On Mon, Feb 22, 2021 at 9:13 AM madeleineernst [email protected] wrote:

Thanks for this addition, very useful. Using the rclr output matrix I compared imputed vs non-imputed data, for a feature with no missing values. For such features, I would expect no change after imputation. However, all values seem to be different after imputation, with no correlation to the original data. Is this an expected behavior, and if yes why? Or could feature IDs eventually get swapped along the way? Many thanks in advance for any clarifications! [image: image] https://user-images.githubusercontent.com/2773739/108735717-2a645d80-7531-11eb-8aa3-b66b4965d51e.png

— You are receiving this because you are subscribed to this thread. Reply to this email directly, view it on GitHub https://github.com/biocore/DEICODE/pull/59#issuecomment-783487926, or unsubscribe https://github.com/notifications/unsubscribe-auth/AA75VXJBLJ4FXYZI5F5J75DTAJ7EFANCNFSM4M7CHJIQ .

mortonjt avatar Feb 22 '21 16:02 mortonjt

Hi Jamie,

Many thanks for your quick reply. Unfortunately, I won't be able to post a subset of the actual data here, due to data privacy issues. However, I have created a random subset of features and blank samples that illustrates my doubt.
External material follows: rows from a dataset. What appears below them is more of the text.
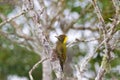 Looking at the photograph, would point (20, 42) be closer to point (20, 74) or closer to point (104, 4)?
point (104, 4)

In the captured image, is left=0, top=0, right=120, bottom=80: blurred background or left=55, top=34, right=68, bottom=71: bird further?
left=0, top=0, right=120, bottom=80: blurred background

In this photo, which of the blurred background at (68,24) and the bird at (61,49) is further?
the blurred background at (68,24)

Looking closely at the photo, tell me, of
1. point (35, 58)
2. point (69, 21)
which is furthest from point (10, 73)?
point (69, 21)

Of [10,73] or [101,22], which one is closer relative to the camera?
[101,22]

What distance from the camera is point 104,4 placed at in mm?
3180

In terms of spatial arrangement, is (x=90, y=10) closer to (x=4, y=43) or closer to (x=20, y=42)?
(x=20, y=42)

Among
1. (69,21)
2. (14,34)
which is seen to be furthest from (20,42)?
(69,21)

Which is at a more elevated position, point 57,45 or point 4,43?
point 4,43

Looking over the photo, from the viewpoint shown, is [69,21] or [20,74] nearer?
[69,21]

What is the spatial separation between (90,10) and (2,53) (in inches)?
70.2

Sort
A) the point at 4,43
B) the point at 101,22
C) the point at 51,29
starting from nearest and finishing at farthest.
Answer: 1. the point at 101,22
2. the point at 51,29
3. the point at 4,43

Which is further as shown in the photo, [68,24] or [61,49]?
[68,24]

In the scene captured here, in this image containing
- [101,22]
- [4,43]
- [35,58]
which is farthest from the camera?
[35,58]

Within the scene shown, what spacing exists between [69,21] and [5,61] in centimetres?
160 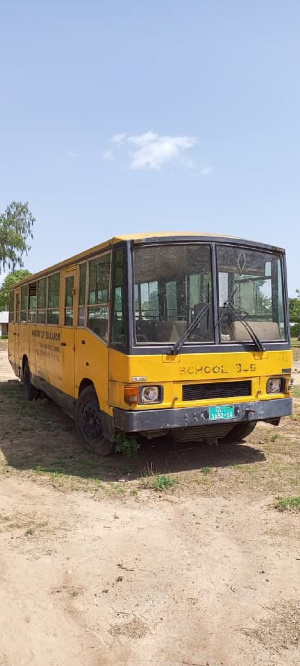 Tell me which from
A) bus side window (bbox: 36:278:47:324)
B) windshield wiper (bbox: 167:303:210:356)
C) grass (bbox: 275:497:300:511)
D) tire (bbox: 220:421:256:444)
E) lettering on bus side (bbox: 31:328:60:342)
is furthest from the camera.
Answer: bus side window (bbox: 36:278:47:324)

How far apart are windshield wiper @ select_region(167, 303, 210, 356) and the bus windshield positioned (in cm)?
1

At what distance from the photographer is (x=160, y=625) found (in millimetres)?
3039

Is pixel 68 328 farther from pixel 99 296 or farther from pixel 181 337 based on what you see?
pixel 181 337

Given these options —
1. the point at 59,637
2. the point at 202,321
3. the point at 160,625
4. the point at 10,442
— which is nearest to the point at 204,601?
the point at 160,625

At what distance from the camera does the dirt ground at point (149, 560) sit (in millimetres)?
2883

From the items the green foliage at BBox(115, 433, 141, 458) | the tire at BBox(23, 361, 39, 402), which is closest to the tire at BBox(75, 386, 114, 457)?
the green foliage at BBox(115, 433, 141, 458)

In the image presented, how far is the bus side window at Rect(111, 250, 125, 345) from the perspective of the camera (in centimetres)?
565

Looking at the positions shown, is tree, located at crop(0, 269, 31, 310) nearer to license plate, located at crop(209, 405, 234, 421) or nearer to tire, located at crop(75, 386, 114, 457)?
tire, located at crop(75, 386, 114, 457)

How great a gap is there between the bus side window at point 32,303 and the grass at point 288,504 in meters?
6.96

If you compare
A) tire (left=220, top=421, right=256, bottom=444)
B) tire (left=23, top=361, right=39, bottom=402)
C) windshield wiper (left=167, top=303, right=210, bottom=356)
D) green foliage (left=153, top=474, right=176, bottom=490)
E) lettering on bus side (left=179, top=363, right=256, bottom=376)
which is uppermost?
windshield wiper (left=167, top=303, right=210, bottom=356)

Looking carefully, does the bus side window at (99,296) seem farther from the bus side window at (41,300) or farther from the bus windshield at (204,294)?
the bus side window at (41,300)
For example, if I plot feature '1' of the attached data table, before and after imputation, I would expect perfect correlation, or in other words, I don't expect any change in the data structure as feature '1' did not contain any 0 values. I have also tried to plot the rclr transformed original table (without imputation), against imputed values, but the same pattern persists. It seems that imputation changes data structure also for features where no imputation is needed?

Best, Madeleine Blanks.txt

table = load_table('Blanks.biom') ordination, distance, robust_clr = auto_rpca(table) table = table.to_dataframe().T

x = robust_clr['1'] y = table['1']

print(np.corrcoef(x, y))

plt.scatter(x, y) plt.title('Imputed vs non-imputed data') plt.xlabel('Imputed') plt.ylabel('Non-imputed') plt.plot(np.unique(x), np.poly1d(np.polyfit(x, y, 1))(np.unique(x)), color='red') plt.show()
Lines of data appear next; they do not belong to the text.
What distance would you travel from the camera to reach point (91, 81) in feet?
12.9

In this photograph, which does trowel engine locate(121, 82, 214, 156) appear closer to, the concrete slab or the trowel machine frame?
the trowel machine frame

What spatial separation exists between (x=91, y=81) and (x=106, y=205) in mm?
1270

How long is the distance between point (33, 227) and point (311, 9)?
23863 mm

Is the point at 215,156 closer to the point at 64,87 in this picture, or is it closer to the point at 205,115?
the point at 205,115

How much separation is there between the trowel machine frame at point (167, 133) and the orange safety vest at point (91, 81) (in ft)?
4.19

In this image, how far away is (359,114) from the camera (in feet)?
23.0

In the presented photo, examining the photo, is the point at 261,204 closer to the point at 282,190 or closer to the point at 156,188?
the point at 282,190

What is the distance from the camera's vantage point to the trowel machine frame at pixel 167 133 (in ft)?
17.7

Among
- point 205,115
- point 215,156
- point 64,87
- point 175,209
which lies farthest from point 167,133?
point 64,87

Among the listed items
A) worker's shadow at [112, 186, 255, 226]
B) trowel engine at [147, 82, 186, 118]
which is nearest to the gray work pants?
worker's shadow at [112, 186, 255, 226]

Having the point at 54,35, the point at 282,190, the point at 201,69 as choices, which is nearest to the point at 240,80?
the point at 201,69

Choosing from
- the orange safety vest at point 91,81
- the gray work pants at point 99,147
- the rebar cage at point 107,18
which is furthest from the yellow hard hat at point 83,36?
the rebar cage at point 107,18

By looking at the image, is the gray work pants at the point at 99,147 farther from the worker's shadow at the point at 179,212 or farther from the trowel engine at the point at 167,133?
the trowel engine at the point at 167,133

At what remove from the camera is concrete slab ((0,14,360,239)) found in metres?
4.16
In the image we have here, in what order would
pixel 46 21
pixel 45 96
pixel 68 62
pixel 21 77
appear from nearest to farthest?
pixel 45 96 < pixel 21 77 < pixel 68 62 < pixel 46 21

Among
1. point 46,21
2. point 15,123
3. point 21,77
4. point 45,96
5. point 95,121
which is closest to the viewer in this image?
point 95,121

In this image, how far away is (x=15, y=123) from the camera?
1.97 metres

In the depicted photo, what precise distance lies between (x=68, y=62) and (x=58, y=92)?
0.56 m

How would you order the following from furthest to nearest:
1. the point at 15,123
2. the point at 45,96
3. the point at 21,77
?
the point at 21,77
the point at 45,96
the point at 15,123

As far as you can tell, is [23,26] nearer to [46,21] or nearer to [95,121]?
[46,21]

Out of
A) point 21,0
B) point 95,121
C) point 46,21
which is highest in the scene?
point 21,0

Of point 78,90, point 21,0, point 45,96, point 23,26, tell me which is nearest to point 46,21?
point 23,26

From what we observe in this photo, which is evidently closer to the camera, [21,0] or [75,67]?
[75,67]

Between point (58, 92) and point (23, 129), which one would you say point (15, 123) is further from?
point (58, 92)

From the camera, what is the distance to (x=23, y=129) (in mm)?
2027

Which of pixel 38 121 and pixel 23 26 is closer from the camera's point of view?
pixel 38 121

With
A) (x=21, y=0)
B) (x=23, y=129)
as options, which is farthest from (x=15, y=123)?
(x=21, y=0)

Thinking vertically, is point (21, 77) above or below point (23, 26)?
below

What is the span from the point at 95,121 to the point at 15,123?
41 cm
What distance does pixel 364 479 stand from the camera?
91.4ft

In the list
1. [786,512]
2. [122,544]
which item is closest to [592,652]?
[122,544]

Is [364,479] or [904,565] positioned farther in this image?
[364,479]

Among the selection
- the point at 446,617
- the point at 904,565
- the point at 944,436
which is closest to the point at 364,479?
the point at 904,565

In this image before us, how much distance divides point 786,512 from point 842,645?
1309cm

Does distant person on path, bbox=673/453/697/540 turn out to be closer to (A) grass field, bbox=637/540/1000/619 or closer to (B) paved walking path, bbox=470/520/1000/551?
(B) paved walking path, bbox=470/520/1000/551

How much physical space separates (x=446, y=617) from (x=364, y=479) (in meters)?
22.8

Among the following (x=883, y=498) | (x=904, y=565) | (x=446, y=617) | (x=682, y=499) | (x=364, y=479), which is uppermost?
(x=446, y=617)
madeleineernst avatar Feb 23 '21 15:02 madeleineernst

Hi @madeleineernst,

There are a few things going on here, in addition to @mortonjt's valid points, but this is a great question. 
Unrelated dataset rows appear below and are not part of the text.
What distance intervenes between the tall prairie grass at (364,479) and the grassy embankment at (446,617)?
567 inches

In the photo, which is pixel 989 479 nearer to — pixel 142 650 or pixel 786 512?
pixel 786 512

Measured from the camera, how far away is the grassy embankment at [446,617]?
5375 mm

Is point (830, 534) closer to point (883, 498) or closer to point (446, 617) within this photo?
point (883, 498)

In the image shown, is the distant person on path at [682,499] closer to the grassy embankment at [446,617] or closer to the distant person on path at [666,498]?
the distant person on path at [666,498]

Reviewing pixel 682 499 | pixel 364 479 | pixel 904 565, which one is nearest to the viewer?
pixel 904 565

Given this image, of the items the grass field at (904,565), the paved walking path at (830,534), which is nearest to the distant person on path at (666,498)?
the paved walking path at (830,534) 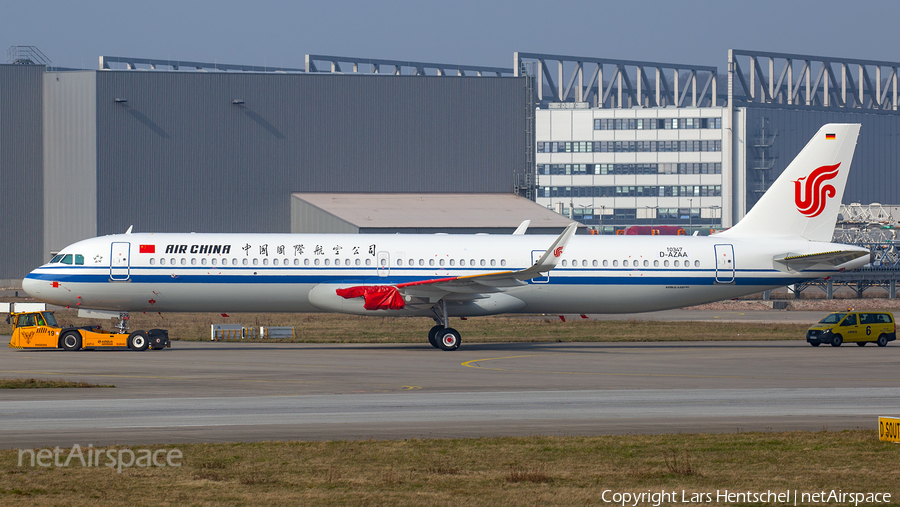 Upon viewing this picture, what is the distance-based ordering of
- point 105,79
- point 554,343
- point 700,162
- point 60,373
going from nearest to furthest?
point 60,373, point 554,343, point 105,79, point 700,162

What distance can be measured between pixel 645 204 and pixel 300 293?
119872mm

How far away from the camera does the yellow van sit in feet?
142

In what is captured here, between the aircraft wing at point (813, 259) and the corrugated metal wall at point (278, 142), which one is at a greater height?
the corrugated metal wall at point (278, 142)

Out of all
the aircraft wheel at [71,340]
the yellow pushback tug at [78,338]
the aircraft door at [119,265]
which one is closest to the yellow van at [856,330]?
the yellow pushback tug at [78,338]

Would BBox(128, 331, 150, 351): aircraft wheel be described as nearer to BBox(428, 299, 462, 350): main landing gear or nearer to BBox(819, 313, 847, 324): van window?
BBox(428, 299, 462, 350): main landing gear

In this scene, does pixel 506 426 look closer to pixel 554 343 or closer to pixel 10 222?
pixel 554 343

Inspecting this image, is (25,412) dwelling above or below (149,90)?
below

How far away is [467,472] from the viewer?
14492 millimetres

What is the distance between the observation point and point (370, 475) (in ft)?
46.8

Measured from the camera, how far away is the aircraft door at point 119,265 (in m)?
38.5

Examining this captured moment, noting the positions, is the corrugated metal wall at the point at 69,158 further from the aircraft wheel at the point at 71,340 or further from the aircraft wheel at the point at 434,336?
the aircraft wheel at the point at 434,336

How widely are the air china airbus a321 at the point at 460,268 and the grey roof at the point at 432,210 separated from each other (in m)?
32.6

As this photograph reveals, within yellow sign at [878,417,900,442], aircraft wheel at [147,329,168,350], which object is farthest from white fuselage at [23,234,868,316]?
yellow sign at [878,417,900,442]

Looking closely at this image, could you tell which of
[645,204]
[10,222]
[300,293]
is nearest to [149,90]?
[10,222] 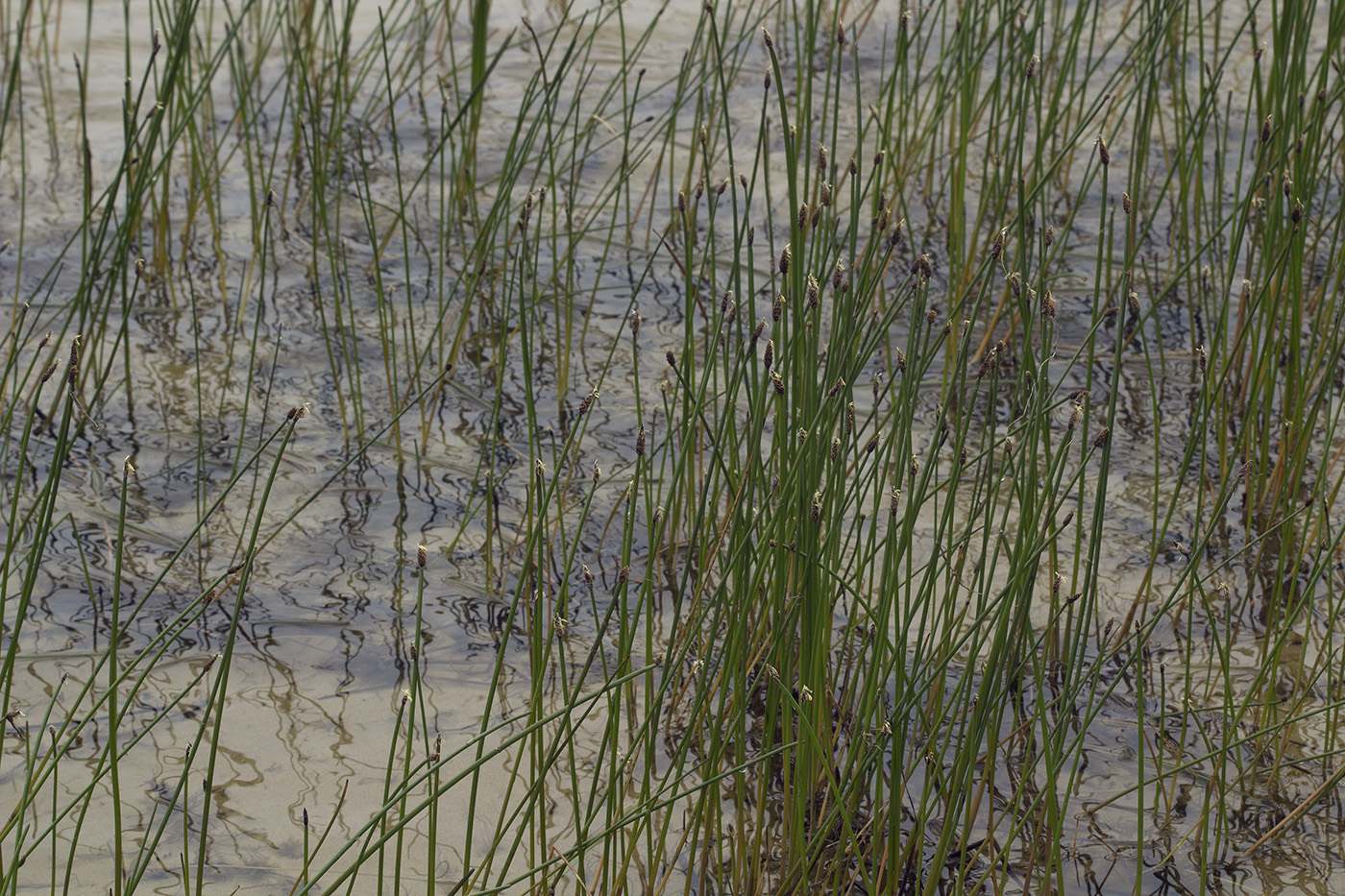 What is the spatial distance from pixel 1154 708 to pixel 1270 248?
0.82 m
  1. There is a transformation of the data before RPCA is run. To transform only the non-zero values we use an altered clr transform. We go into depth on how that transformation is done in the paper (here) in the section Preprocessing with rclr. So we need to compare only the observed (non-zero) values between the unimputed rclr and output from RPCA. 
  2. The RPCA function was not really meant to be used for imputation. So we will need to alter this PR a bit as a standalone function. The lack of correlation is likely being distorted in the re-centering step after running the MatrixCompletion function (see here). 

If you wanted to compare the observed (non-zero) values 1:1 as an imputation you would need to do the following:

import numpy as np
import pandas as pd
from biom import load_table
from deicode.preprocessing import rclr
from deicode.matrix_completion import MatrixCompletion
import matplotlib.pyplot as plt


# import table
table = load_table('Blanks.biom')

# Robust-clr (rclr) preprocessing and OptSpace (i.e. RPCA)
# As you increase the rank (n_components) the correlation will get tighter (and vice versa).
# ^ See the low-rank assumption for why. 
opt = MatrixCompletion(n_components=10).fit(rclr(table.to_dataframe().T)) 
# reconstruct imputed data
robust_clr_imputed = opt.sample_weights @ opt.s @ opt.feature_weights.T

# do pre-processing step within RPCA
table = table.to_dataframe().T
robust_clr_unimputed = rclr(table)

# use this to mask any "imputed" values
zero_mask = (table == 0.0)

# re-mask imputed values for comparison
robust_clr_imputed_masked = robust_clr_imputed.copy()
robust_clr_imputed_masked[zero_mask] = np.nan
 
# flatten and keep only observed
x = robust_clr_unimputed.ravel()
y = robust_clr_imputed_masked.ravel()
x = x[np.isfinite(x)]
y = y[np.isfinite(y)]

# print the correlation between values
print(np.corrcoef(x, y))

# plot the observed values
plt.scatter(x, y)
plt.title('Observed values from imputed vs. non-imputed data')
plt.xlabel('Observed Imputed')
plt.ylabel('Observed Non-imputed')
plt.plot(np.unique(x),
         np.poly1d(np.polyfit(x, y, 1))(np.unique(x)),
         color='red')
plt.show()

giving

[[1.         0.96985866]
 [0.96985866 1.        ]]

corr

cameronmartino avatar Feb 24 '21 02:02 cameronmartino

Hi @cameronmartino, 

That was very useful, many thanks for the thorough clarifications and code!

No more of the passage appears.